Members of parliament from Ghana’s opposition National Democratic Congress (NDC) party are citing President John Kufuor for contempt of parliament for failing to explain to both parliament and to Ghanaians his whereabouts with his widely publicized, but aborted foreign trip. The NDC claims came after a persistent refusal by the president’s office to explain his whereabouts, especially as the country faces floods that threaten a loss of lives and property. The NDC concludes that President Kufuor has not only deceived parliament, but also imperiled the people of Ghana.
From the capital Accra opposition Member of Parliament Haruna Iddrisu tells reporter Peter Clottey that President Kufuor did not adhere to the country’s constitution.

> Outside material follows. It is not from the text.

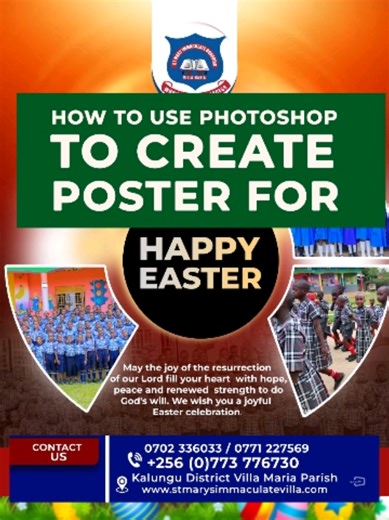 How to Create Proffessional Esaster Business Social Media Poster in Adobe Photoshop 2025 Full Tutorial This video is teaching both professionals ans beginners on how to create and Design Social Media Posters using Adobe Photoshop Step by step. If you're looking for Graphics Designers in Uganda for Banners, Business card,posters etc Contact us on 0759999199 or Visit our Offices located Kireka Kampala and Masaka City #poster #photoshoptutorial #posterdesigninginphotoshop #photoshop #kampala Kampal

“Ghana is governed by the constitution, and article 59 of the constitution imposes an obligation on the president of Ghana. The president is mandated to notify the speaker of parliament in writing when he wants to leave the country. Under the standing orders of parliament, any misleading information is contemptible. What we are aware off, the president never went to Canada, yet no official explanation has been given as to his whereabouts between the periods that he should have been in Canada, and to the extend that no official explanation have been given, and his whereabouts is unknown. We only can conclude strongly that he deceived parliament, and he deceived the people of Ghana, and that to me is contemptible,” Iddrisu pointed out.
Iddrisu agreed that although there is a possibility of the president’s plan suddenly changing, he is obligated by law to explain his whereabouts.
“Yes, but he owes Ghanaians a duty and the standard of care in explaining his whereabouts. To the extend that he does not explain where he was, I think that one would want to sight him for contempt for giving misleading information to the speaker of parliament and to the people of Ghana,” he said.
Iddrisu said the opposition party would know its next line of action to take when the president or his officials fail to respond to their request.
“Our constitution is clear on it (going against the constitution), we are for now demanding an official explanation from him and from his spokes people. If he refuses, then we would know the next line of action. But we are clear in our minds that his conduct is in contempt, and a breach of the privilege of parliament,” Iddrisu noted.
Meanwhile, the government has dismissed the opposition’s claim as unfounded and misleading. From the capital Accra, Ghana’s deputy minister for information Frank Agyekum tells reporter Peter Clottey the president’s whereabouts are not clandestine.
“It is true that the was an announcement that the president was supposed to go to Canada and then onwards to the UN. But what happened was that, at the last minute the trip to Canada was aborted because he was supposed to sign an agreement with the Alkan group of companies. But the MOU (memorandum of understanding) to that wasn’t finished before he set out for the trip. So when it came to his notice we thought it wasn’t worth it having to do the trip anymore. The president then was in the UK in London and he took the opportunity then instead of coming back home to tie up a few things and then move on to the UN because he was supposed to address the UN,” he said.
Agyekum agreed that the presidency should have come out with a statement to explain the president’s whereabouts, but he denies the president’s whereabouts have been shrouded in secrecy.
“Yes, perhaps a statement should have been issued immediately to explain the circumstances and we regret that, that wasn’t done. But that was not because the president was trying to hide anything or anything clandestine was taking place. It’s just that well, in this world sometimes tings do not work they was you want them to, but that is the explanation,” Agyekum noted.